Thursday, April 3, 2008

The Cathedral and the Bizarre

Good post here. It's thesis: that in the near future the software industry will look a lot like the energy business does today with its regulated and unregulated business; where regulated business is open source and its predictable steady stream of income and where unregulated business is analog to highly vertical, niche software products that are closed, closely guarded and expensive.

Interestingly, the software industry as we know it grew up with unregulated businesses - and only in the last decade has open source created these credible alternatives. I think the future looks similar to the energy industry: large technology companies will have a mix of regulated and unregulated businesses, that maximizes the advantages of both. For standard, widely-used technologies, open source "regulation" makes sense because it lowers development costs and provides a standards-based, predictable subscription base of business. For niche and high-end software, companies will still expect a substantial return on their development cost, and therefore will protect that IP and sell it at a premium until competition makes that impossible. The most successful of these integrated companies will be careful not to exploit the community, and will be respected for having transparency between what parts of their business are "regulated", and which parts aren't.

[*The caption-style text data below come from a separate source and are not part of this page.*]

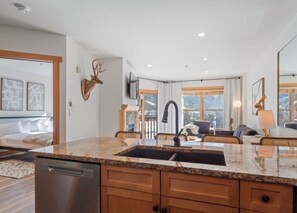 1 bedroom, WiFi, bed sheets - New Listing! Stylish new design, ski in/out. Watch World Cup, view golf course! (Frisco)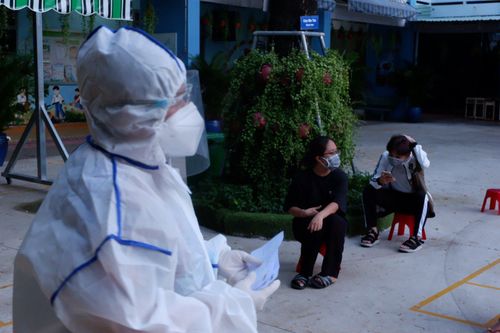 Thêm 13 người nhiễm nCoV tại Hà Nội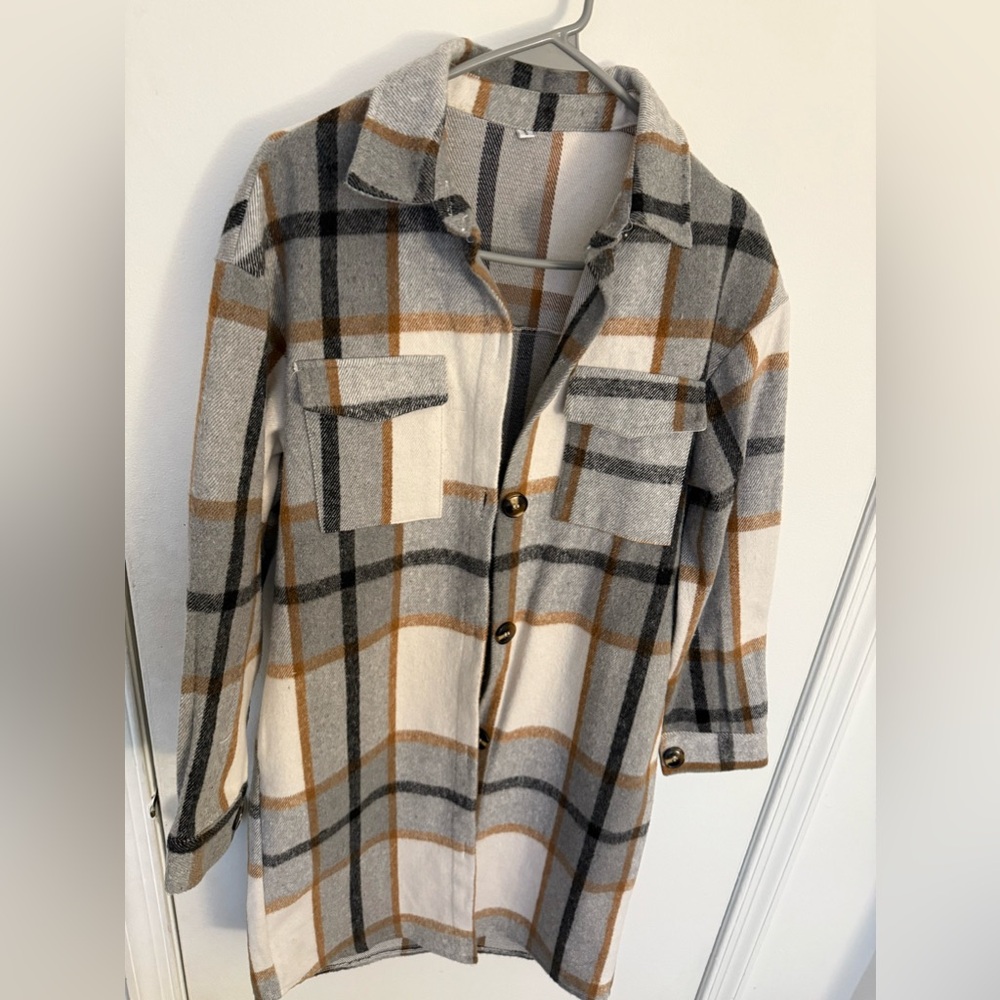 Women’s collared button up coat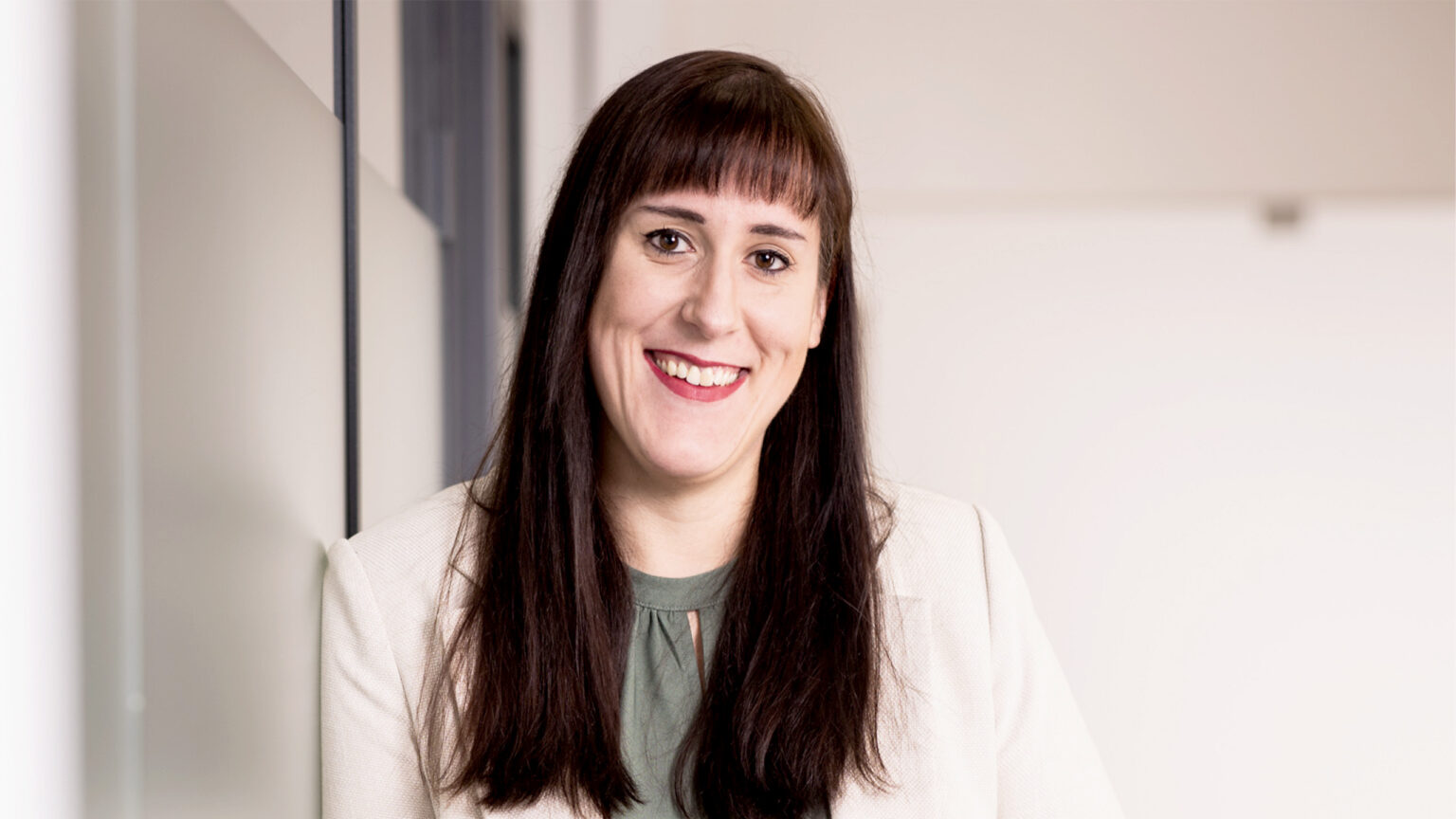 adiuvis-img-16x9-hero-27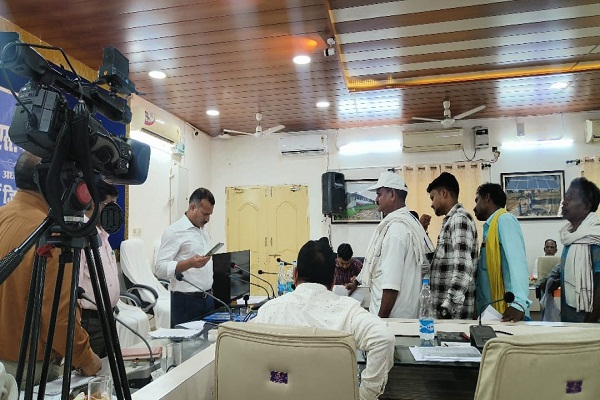 ग्रामीणों ने अप्रैल माह का राशन ना मिलने की शिकायत की थी।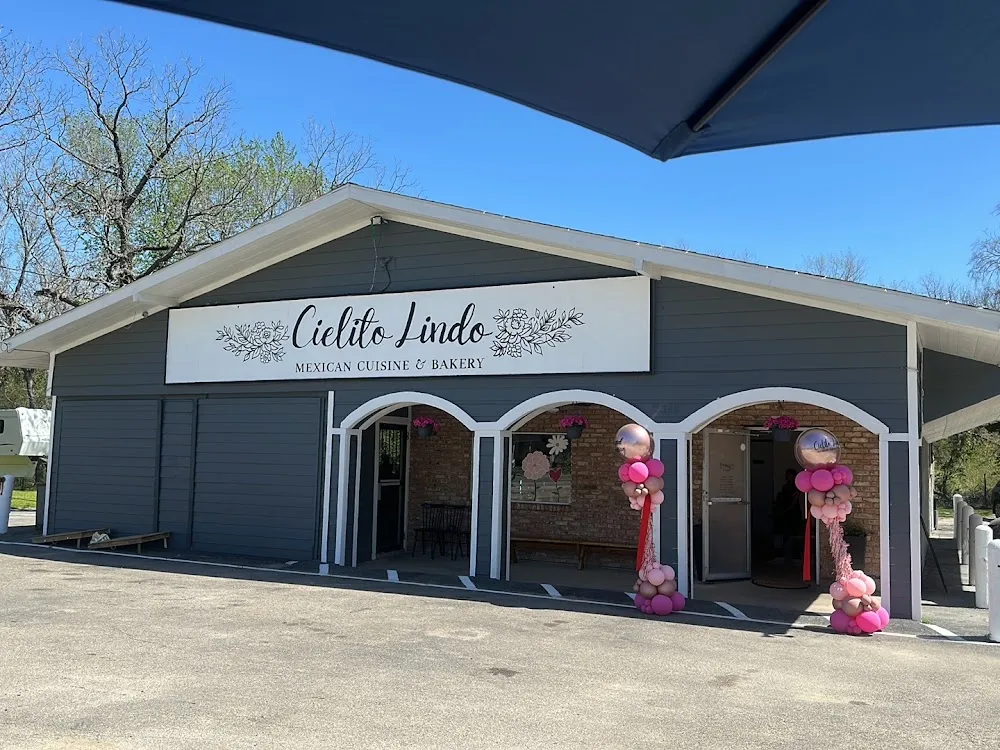 Cielito Lindo Mexican Cuisine & Bakery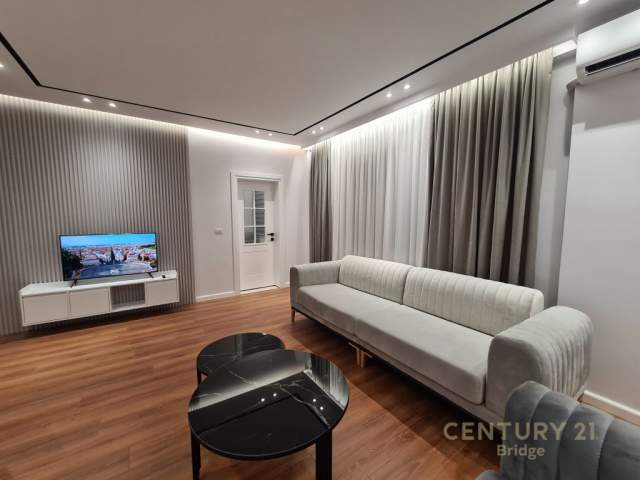 Tirane, jepet me qera apartament 1+1+BLK Kati 8, 80 m² 470 Euro (ASTIR)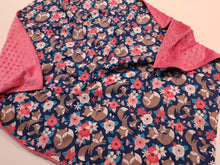 Load image into Gallery viewer, Minky blanket, pink with foxes
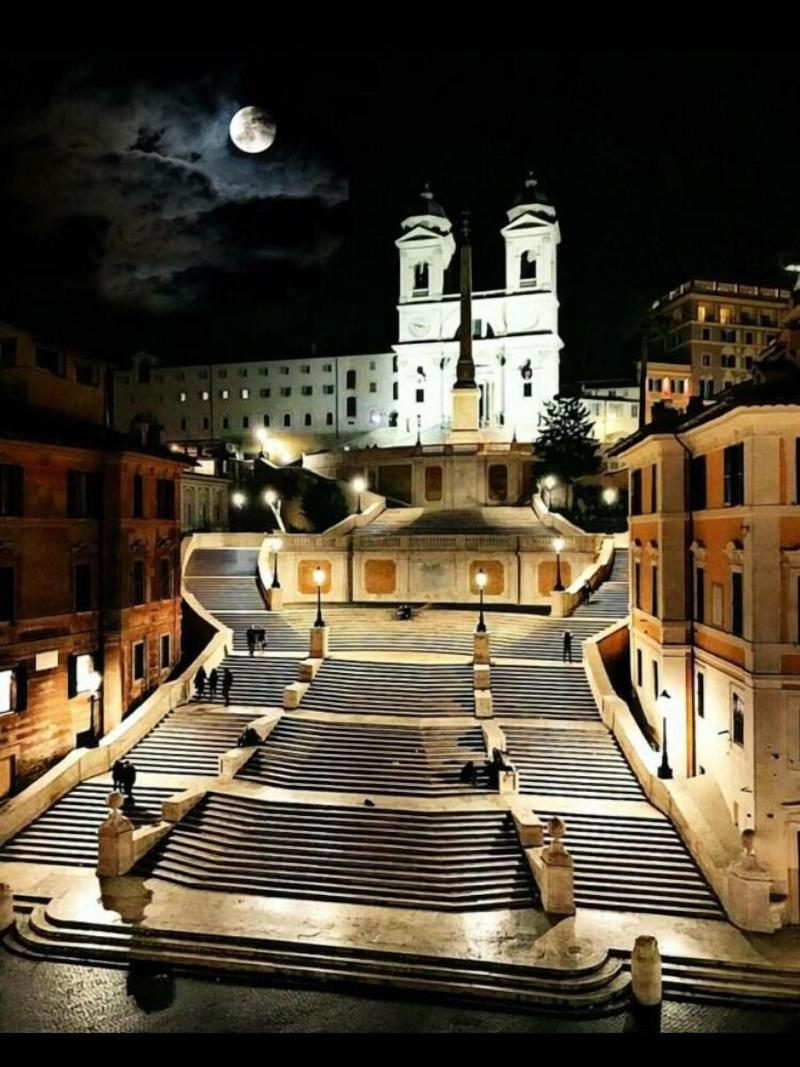 Hold Rome image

I certainly see this as the future of Microsoft which is unlikely to go completely open any time soon.

Wednesday, April 2, 2008

A Public API and Policy Would Really Help

If you have ever worked VMS or Windows at the API level you are familiar with the concept of a "Public API" and the concept of an API lifecycle. A public API is one that consumer code can count on. Some code is "for internal use only" while other code is meant specifically for "public consumption. " The public API code is a contract with the outside world. An API lifecycle is a contract between the API and its consumers that provides a level of backward compatibility and stability to the API. API calls never simply change or disappear. They are deprecated and then supported for some period of time before actually being removed. DEC had a really strong policy. DEC API calls would first be deprecated, after a number of releases they would be removed from the documentation but would continue to be supported, and finally after yet another number of releases they would be removed from the source base. Customers were given plenty of warning and time to port their consumer code.
Example:
Windows NT used to have a DLL called NT.dll. All of the actual system calls existed in this library but Microsoft made no commitment to anyone who called its methods directly that they would work from one patch or upgrade to the next. Developers were told specifically to avoid NT.dll and instead to rely on WIN32. NT.dll calls were at liberty to change as often as Microsoft saw fit, while the WIN32 library signatures had to maintain consistency for customers. Microsoft would then take the responsibility of mapping the stable WIN32 API calls to the more volatile NT.dll signatures whenever a call needed to be changed.

Many open source projects do not follow this practice. Some do, I believe Apache Struts for example deprecates for major two releases and removes on the third. As far as I know Alfresco does not have such a policy but I really wish they did. Enterprise customers expect reliability. They demand that versions come out at a slower more digestible pace and I would bet they expect some stability and policy around the backward compatibility of the API.

Today I installed a AMP in 2.9B (community) that is fully functional in 2.1E (enterprise) but does not work properly in 2.9B. The source of the problem is due to a class that has been moved from one package to another. This sort of refactoring happens all the time in source code. It's really important and it has to happen -- but we need to maintain some backward compatibility at the same time.

It may be a semi-valid criticism of this post that I am trying to install something that worked in the enterprise version but breaks in the community version because the community version is a sandbox / lab environment. I would however disagree. The labs release cannot be entirely free to evolve without consideration for any backward compatibility if we expect to build a community willing to contribute plug-ins and add-ons, etc. At OSBC many of the executives, when asked why their developers were taking from open source more than giving responded that it's simply too difficult to package and maintain contributions. This issue is further complicated if you cannot count on compatibility for some reasonable time frame.

There are downsides to maintaining backward compatibility. Backward compatibility code is cruft and can, over time, become weight on the system that impedes innovation. This issue can to some degree be managed by proper factoring of code and packaging as well as policies that attempt to seek balance. Don't try to remain backwardly compatible for more than a reasonable duration. Give customers the ability to port their code forward over the course of one or two upgrades but no more.

Stability and predictability goes beyond releases. If we want to encourage development outside the walls of Alfresco we have to extend some stability to the source code as well. Developers want to know exactly what API calls are public. Additionally they want fair warning when public calls change as well as to be given a sufficient amount of time to port their work.